Stochastic reachability of a target tube: Theory and computation
For control theorists and engineers, this work provides a theoretically grounded, scalable method for probabilistic safety guarantees in stochastic systems, though it is incremental as it extends existing reachability concepts.
The paper addresses the stochastic reachability problem for constrained dynamical systems with stochastic uncertainty, aiming to maximize the probability of staying within time-varying state constraints. It provides theoretical conditions for the stochastic reach set and proposes a scalable, grid-free algorithm that computes polytopic underapproximations and synthesizes open-loop controllers, outperforming existing verification tools on numerical examples.
Probabilistic guarantees of safety and performance are important in constrained dynamical systems with stochastic uncertainty. We consider the stochastic reachability problem, which maximizes the probability that the state remains within time-varying state constraints (i.e., a ``target tube''), despite bounded control authority.
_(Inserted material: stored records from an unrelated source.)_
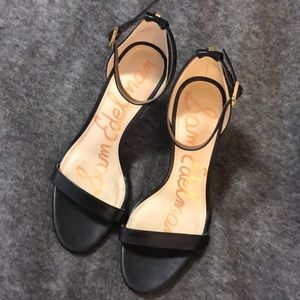 “Patti” Ankle strap Sandal ( Sam Edelman)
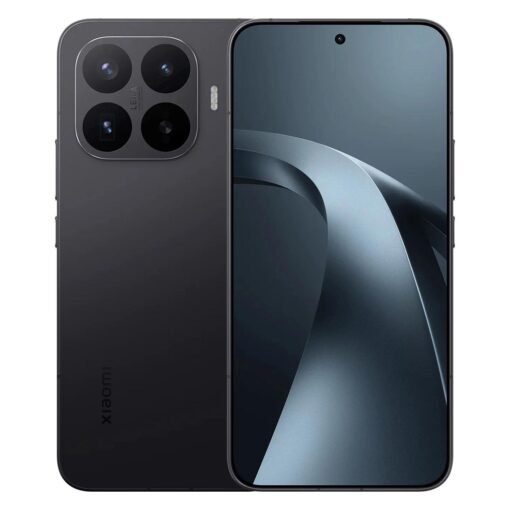 Smartphone Xiaomi 17t Pro 5g Global 512gb 12gb Ram Dual Sim Pantalla 6.83" - Negro (caja Slim) (lacre Pequeño)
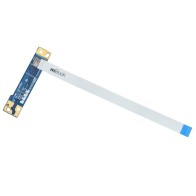 Placa De Ligar Desligar Botão Power para Lenovo G570 Placa De Ligar Desligar Botão Power para Lenovo G570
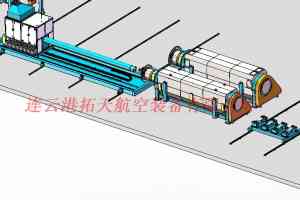 2026年离心浇注玻璃钢顶管厂家推荐:连云港拓天专注缠绕设备与管道生产线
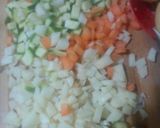 صورة لخطوة 2 من وصفة الارز المسلوق على طريقتي 😊🍴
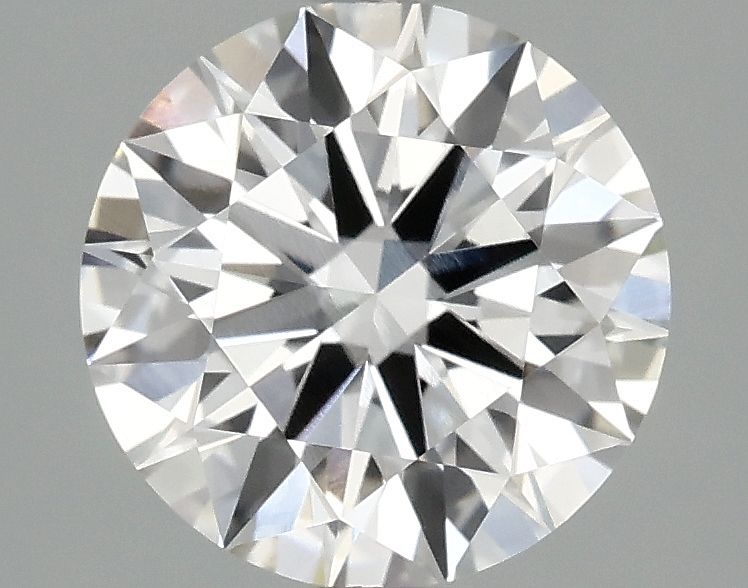 1.99 ct. round Lab Grown Diamond front image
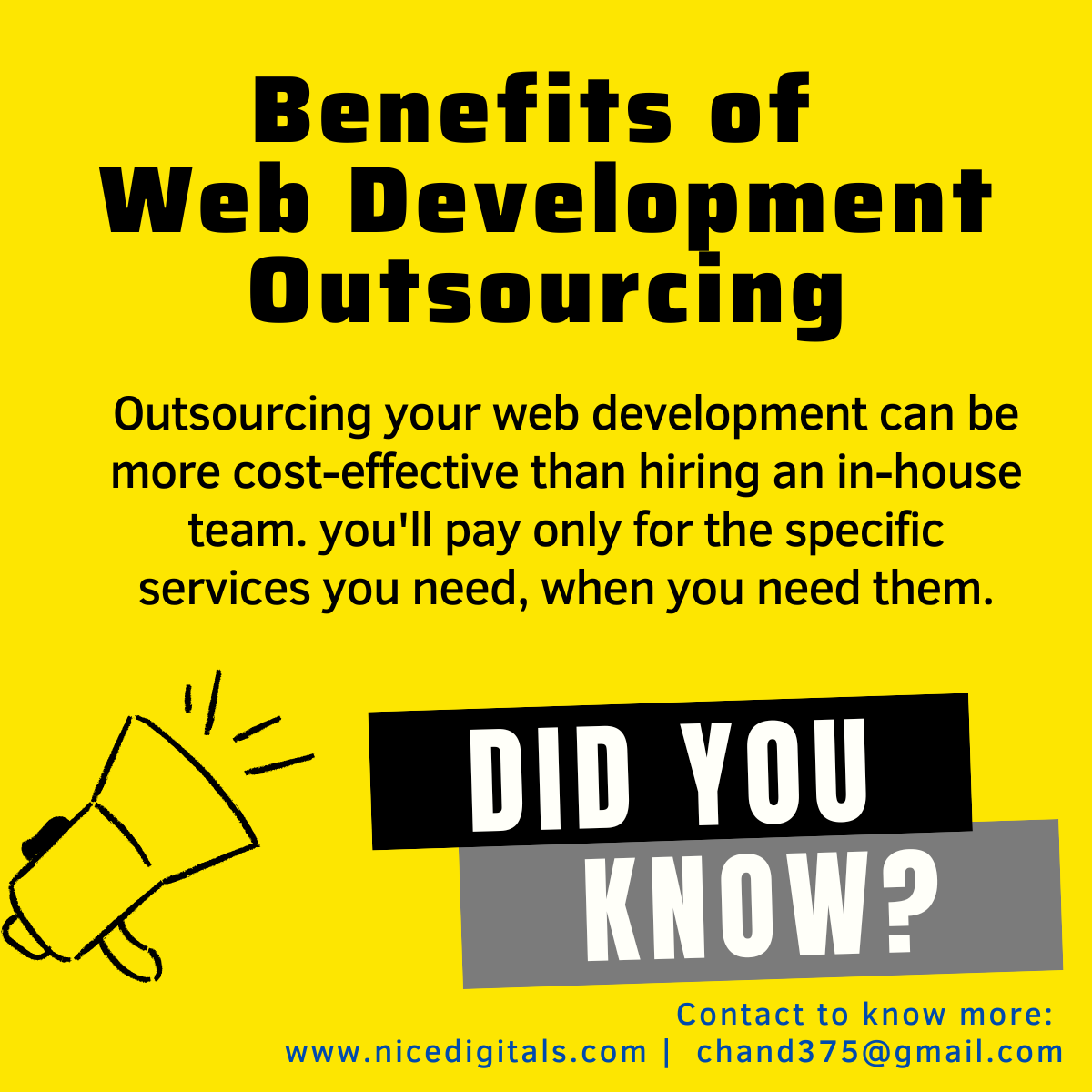 codefest's tweet image. RT @chand375: By partnering with us you can deliver more websites, Always on time 99%:) #webdevoutsourcing #webdevservices #webdevelopment #wordpress #webdesignagency #webdesigncompany #outsourcing #duda #dudawebsite #localseo - chand375@gmail.com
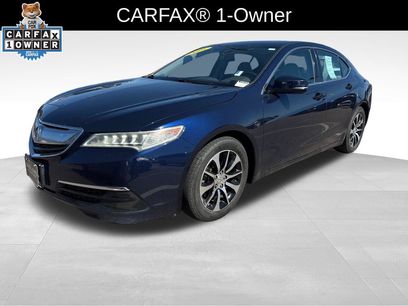 Used 2016 Acura TLX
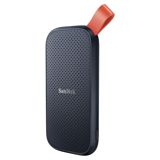 External SSD SanDisk 1TB Portable External SSD (SDK-EXT-SDSSDE30-1T) — Pctech — Xarici disklər və fləş kartlar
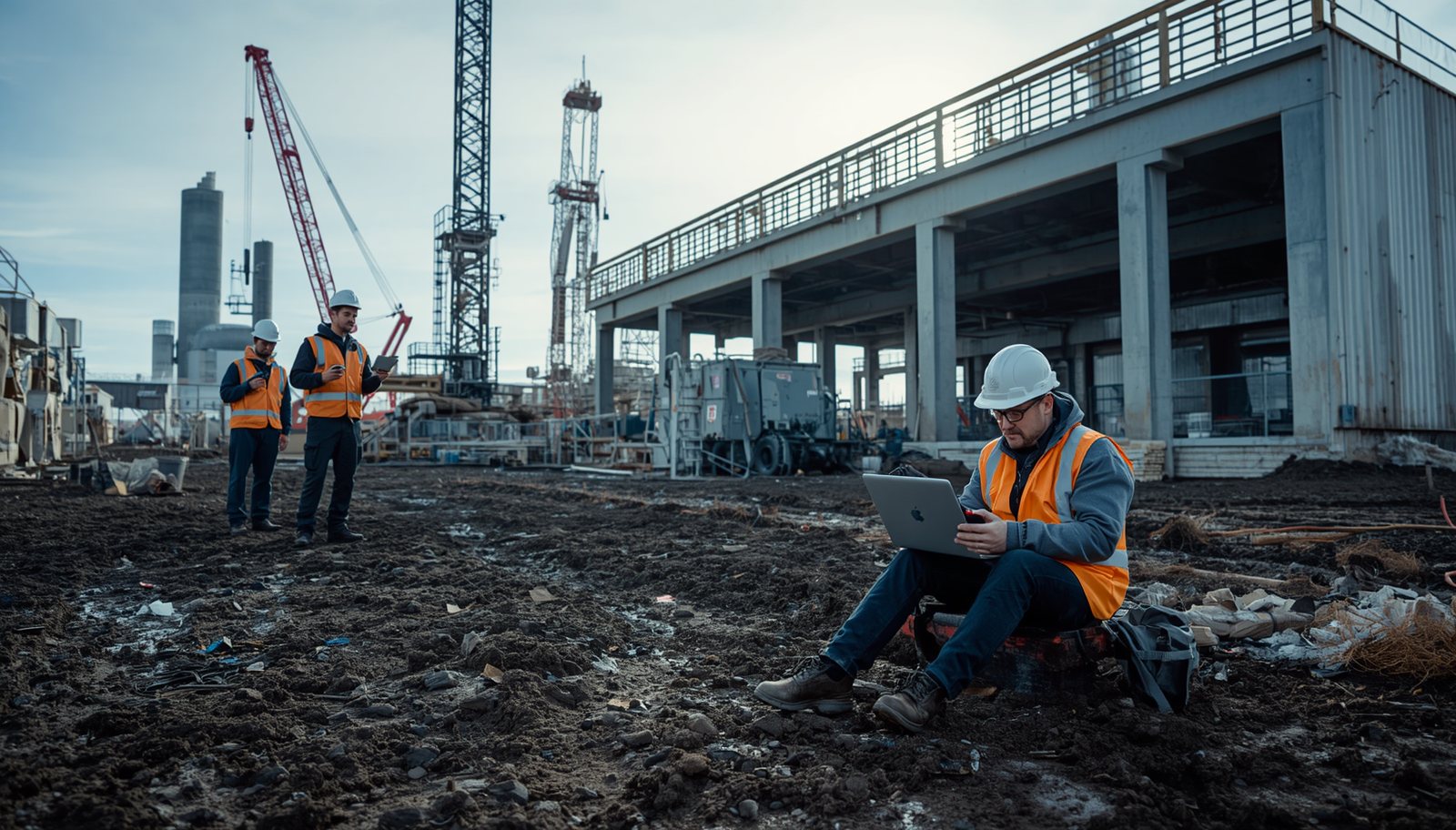 Managed IT for Canadian Construction Companies in 2026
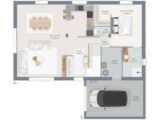 Maison à construire à La Roche-des-Arnauds (05400) 2406482-3921modele820230210MiIhX.jpeg Maisons France Confort
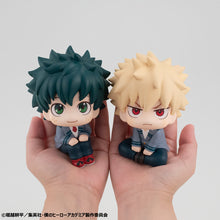 Load image into Gallery viewer, PRE-ORDER Lookup My Hero Academia - Izuku Midoriya and Katsuki Bakugo with Gift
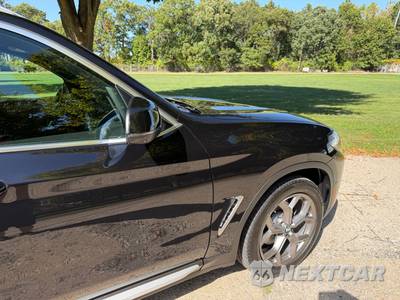 2023 BMW X3 Sports Activity Vehicle xDrive30i - zdjęcie 43 z 75 - miniatura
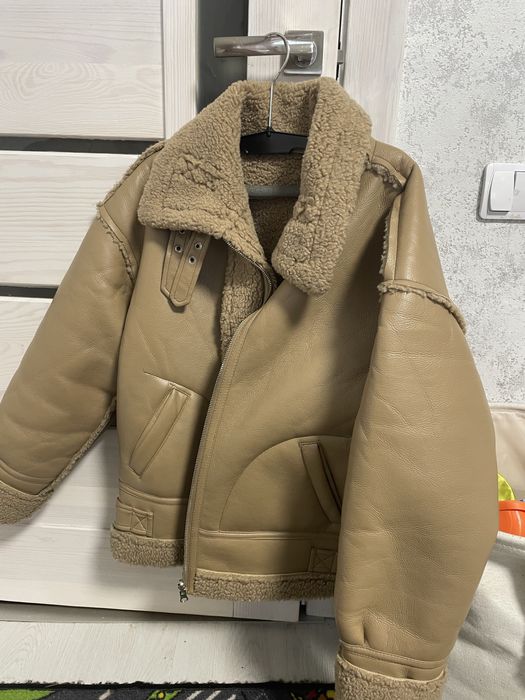 Дублянка авіатор жіноча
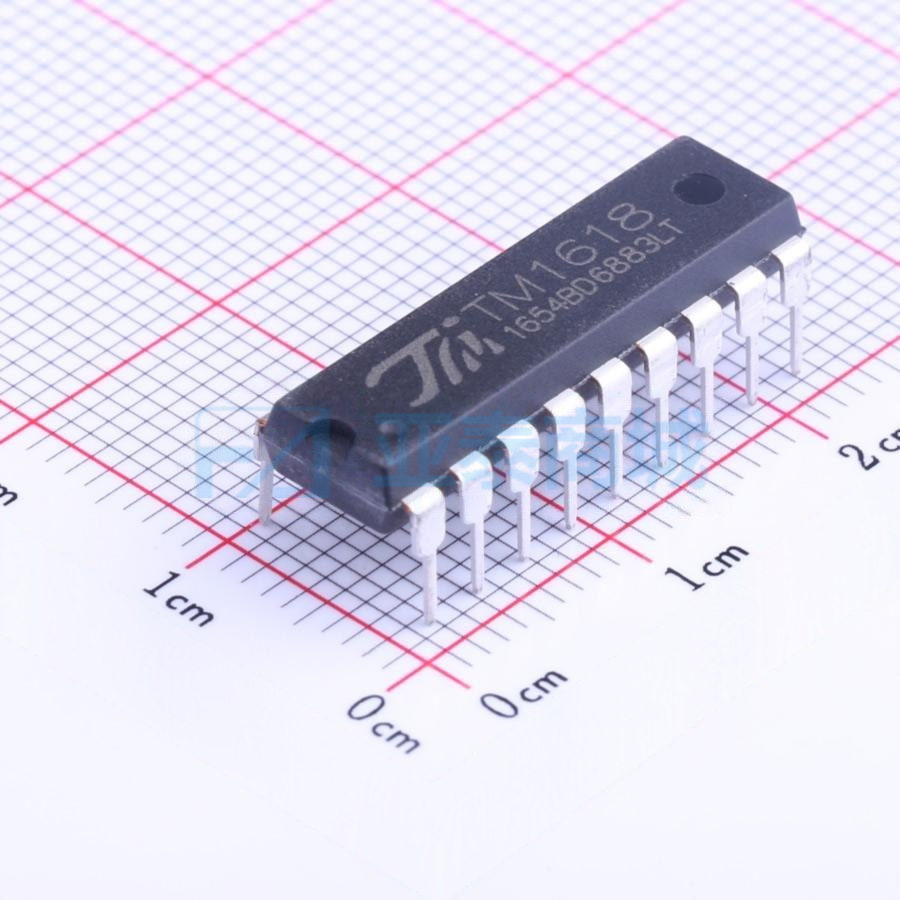 TM1618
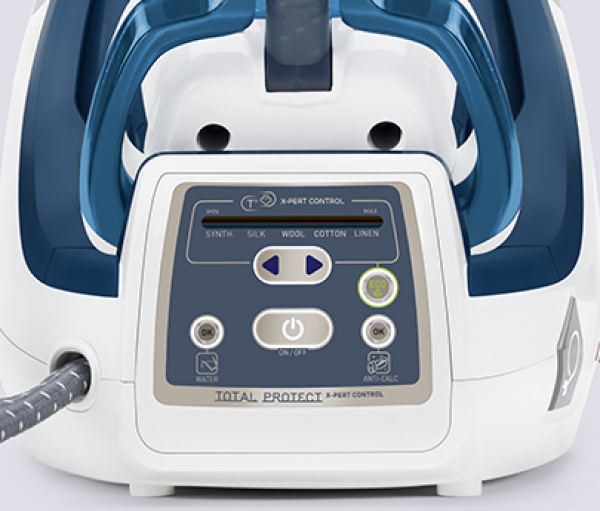 Tefal Protect Pro Express GV8980 Buhar Kazanlı Ütü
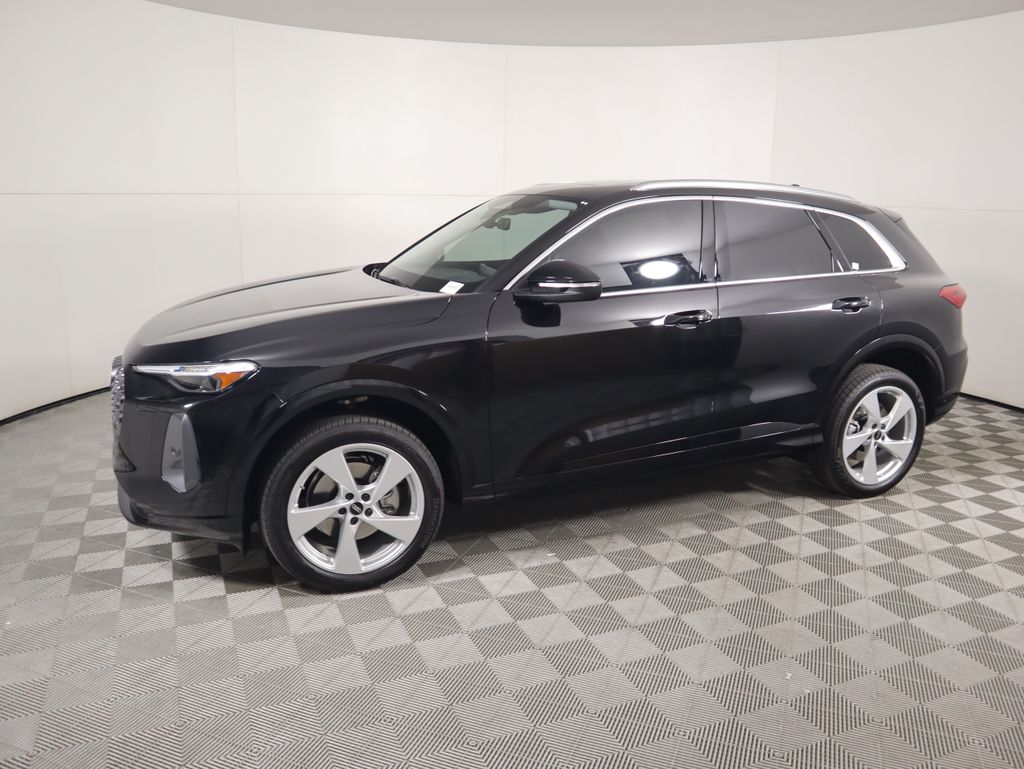 2025 Audi Q5 Premium 8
This problem subsumes the stochastic viability and terminal hitting-time stochastic reach-avoid problems. Of special interest is the stochastic reach set, the set of all initial states from which it is possible to stay in the target tube with a probability above a desired threshold. We provide sufficient conditions under which the stochastic reach set is closed, compact, and convex, and provide an underapproximative interpolation technique for stochastic reach sets. Utilizing convex optimization, we propose a scalable and grid-free algorithm that computes a polytopic underapproximation of the stochastic reach set and synthesizes an open-loop controller. This algorithm is anytime, i.e., it produces a valid output even on early termination. We demonstrate the efficacy and scalability of our approach on several numerical examples, and show that our algorithm outperforms existing software tools for verification of linear systems.